For some background, US outfit New Fortress Energy has been having some success with introducing NG as a fuel to the island. There has been a long protracted process to do this that has been mired in corruption with a former energy minister being involved in the setting up of a company that was to supply LNG to the island but it seems New Fortress was finally able to come up with a scheme that satisfied the government and the local private sector. The “Our Work page lists supply of LNG to a 120 MW (Combined Cycle) electricity generating station in Montego Bay that has been converted to run on NG, a floating storage and regasification terminal to supply LNG to a brand new gas-fired combined cycle power plant under construction by the local electricity utility and supply of NG to a new power plant at a bauxite to alumina operation in central Jamaica. It has also been reported in the media that, the island’s largest beverage manufacturer has installed a co-generation pant to provide power, process heat and cooling to their operations, the local campus of the regional university is setting up a co-gen plant on the campus and a second beverage manufacturer/distributor is to set up a co-gen plant as well. I have seen “New Fortress” branded storage tanks at the beverage manufacturer and a single tank at the university’s facility. It is extremely likely that the third announced co-gen pant is also a New Fortress customer. I am a little suspicious of the fact that the entirety of New Fortress’ customer base appears to be in Jamaica.
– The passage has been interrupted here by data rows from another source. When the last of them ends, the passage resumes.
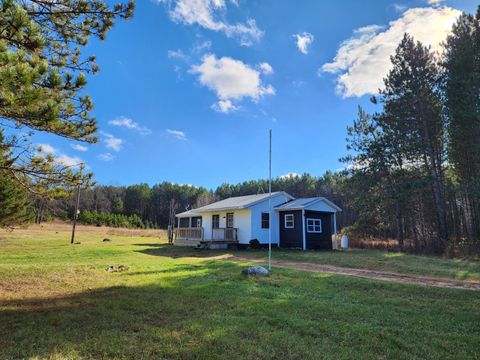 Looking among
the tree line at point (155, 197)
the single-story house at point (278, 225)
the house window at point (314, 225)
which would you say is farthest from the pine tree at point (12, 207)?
the tree line at point (155, 197)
I am somewhat concerned that my island home is being sucked in by the “energy abundance” hype. Once the infrastructure has been put in place and the co-gen and power plants are built, it will be a difficult/expensive undertaking to to try and switch energy sources again. These Jamaican operations will be married to NG for decades to come.
Last November, diplomats from Brazil to Japan joined oil and gas executives at the headquarters of Washington’s largest lobbying group to christen a new partnership.
Inside the marble walls of the US Chamber of Commerce, a crowd of 200 welcomed the US Gas Infrastructure Exports Initiative ó a coalition of 25 companies, nine trade groups, five law firms, at least five federal agencies and a non-profit think tank. Its mission: to drive sales of American natural gas by pumping dollars into pipelines and gas-processing facilities overseas.
The initiative, coordinated in part by a natural gas lobbyist, is the latest federal effort to market the fuel as a “clean” energy source amid surging US drilling and exports. American gas production is projected to account for almost 40 per cent of the world’s gas growth through 2040, according to the International Energy Agency. Countries like China are buying up tank loads of LNG – natural gas that has been supercooled to liquefy it ó to generate power, heat buildings and fuel trucks.
“When it comes to exporting LNG, the United States is open for business,” Mark Menezes, undersecretary of the US Department of Energy, assured the audience at the launch of the gas initiative. Menezes, a former utility industry lobbyist, added that exporting US liquefied natural gas is “clearly in our economic interest.”